El día tres de calor, mi cuerpo estaba muy inquieto, no pude salir a trabajar, me quedé en casa ese día porque amanecí sudada otra vez, fui al espejo y estaba muy sonrojada, mi trasero seguía dilatado, estaba bien flexible, introduje dos dedos y entraron con mucha facilidad, necesitaba hacer algo al respecto, mi deseo anal era más intenso de lo habitual esa semana.
Me decía a mí misma, Milka ya va a pasar tranquila, veamos qué podemos hacer hoy al respecto. Desayuné bien, me nutrí con mucho jugo de frutas y cereales, comí un bocadillo de pollo desmenuzado delicioso y comencé a ver películas para adultos de hombres con penes enormes, negros, venosos, con cabezas brillantes y apetitosas, no fue una buena idea, me retorcía y sentía muchas ganas.
Para calmarme un poco me duché con agua fría, fue refrescante, salí de la ducha y noté que mis pezones de crossdresser estaban erguidos, estaban erectos, mirándome al espejo dejé caer un poco de saliva a cada pezón y comencé a masajearlos, a pellizcarlos, a presionarlos, ufff qué placentero fue.
Dado que ya no había marcha atrás tomé mi agenda antigua y comencé a llamar a algunos amigos, pasaron unos cuarenta minutos y nada, no tuve éxito, todos ocupados, no respondían, solo mi amigo Ignacio contestó y me dijo que podría por la noche, a las 8pm, y eran las 11am, era un desastre, ya todo estaba perdido ese día.

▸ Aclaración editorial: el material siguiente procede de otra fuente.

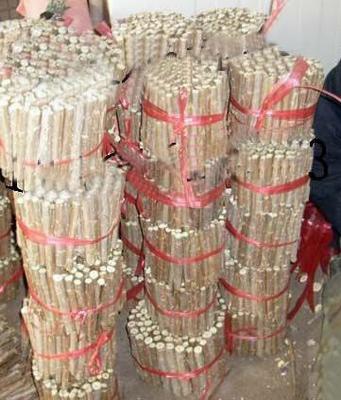 農戶直供 全紅楊扦插段、楊樹扦插段【圖】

Bueno, me dije, veré algo en la televisión para despejarme un poco y nada relacionado con penes ni contenido para adultos. Pero no pude resistirme, entré a un foro y me apareció un anuncio de una tienda de artículos eróticos que decía: “Hey nena, lleva el paquete mariquita por solo $150” así que vi en qué consistía el bendito pack y era nada más y nada menos que un par de succionadores para pezones, un vibrador de silicona tipo bala con una larga colita, similar a un espermatozoide, y un consolador realista de 30cm de largo y 6.5cm de grosor, era una delicia en verdad, me excitó más y mi trasero de crossdresser botó una gotita.
Tomé el teléfono y llamé de inmediato, es una urgencia señor por favor, pagaré con PayPal, envíeme el pack mariquita para masturbarme ahora mismo, por favor. Me respondieron muy amablemente y me indicaron que enviarían un repartidor.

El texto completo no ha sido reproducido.